> WHAT THE EXERCISE ASKS
Beginning at the line that holds "Los Angeles Premiere" and continuing to the last line of the data below, transcribe every line word for word, without pictures.

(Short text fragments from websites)
• • • •

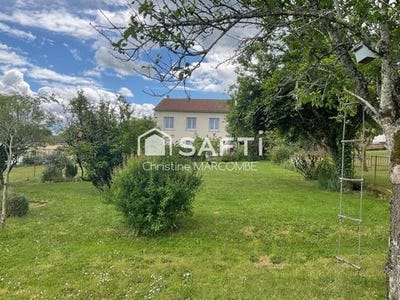 /international/fr/mialet-aquitaine-310107977969/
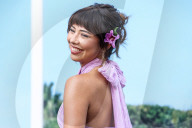 Los Angeles Premiere Of Universal Pictures' 'Nobody 2'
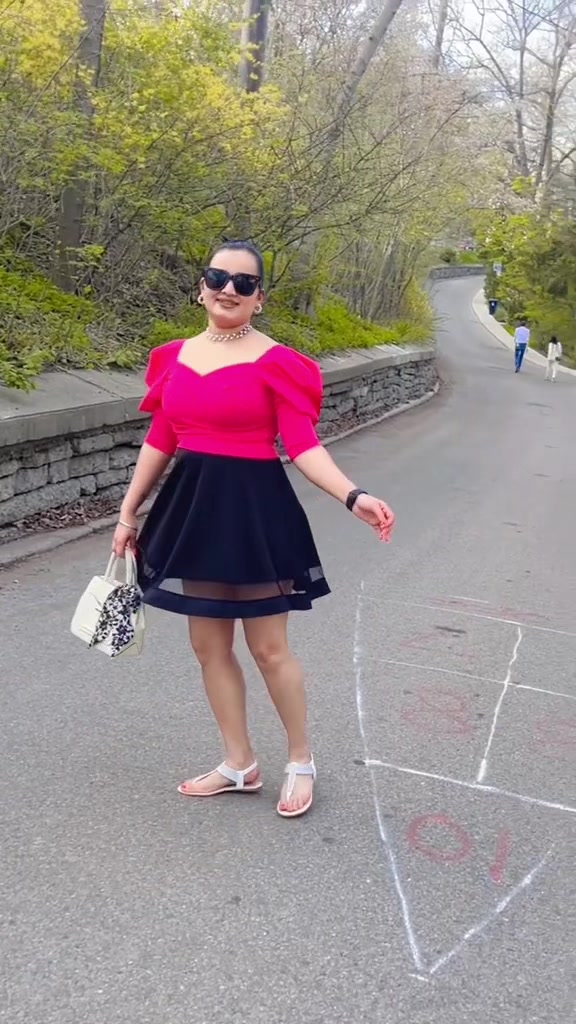 @sushmaxuchhi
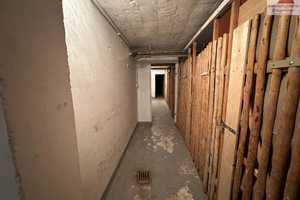 Attraktive 3-Raum-Wohnung mit Balkon in Chemnitz-Morgenleithe - für Kapitalanleger & Eigennutzer – Chemnitz – Vorschaubild 12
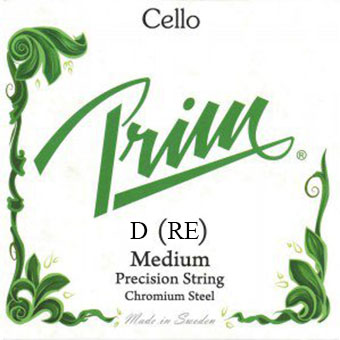 Prim_Cello_D_4ee4c2cee43b2.jpg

• • • •

> REPLY
 Los Angeles Premiere Of Universal Pictures' 'Nobody 2'
 @sushmaxuchhi
 Attraktive 3-Raum-Wohnung mit Balkon in Chemnitz-Morgenleithe - für Kapitalanleger & Eigennutzer – Chemnitz – Vorschaubild 12
 Prim_Cello_D_4ee4c2cee43b2.jpg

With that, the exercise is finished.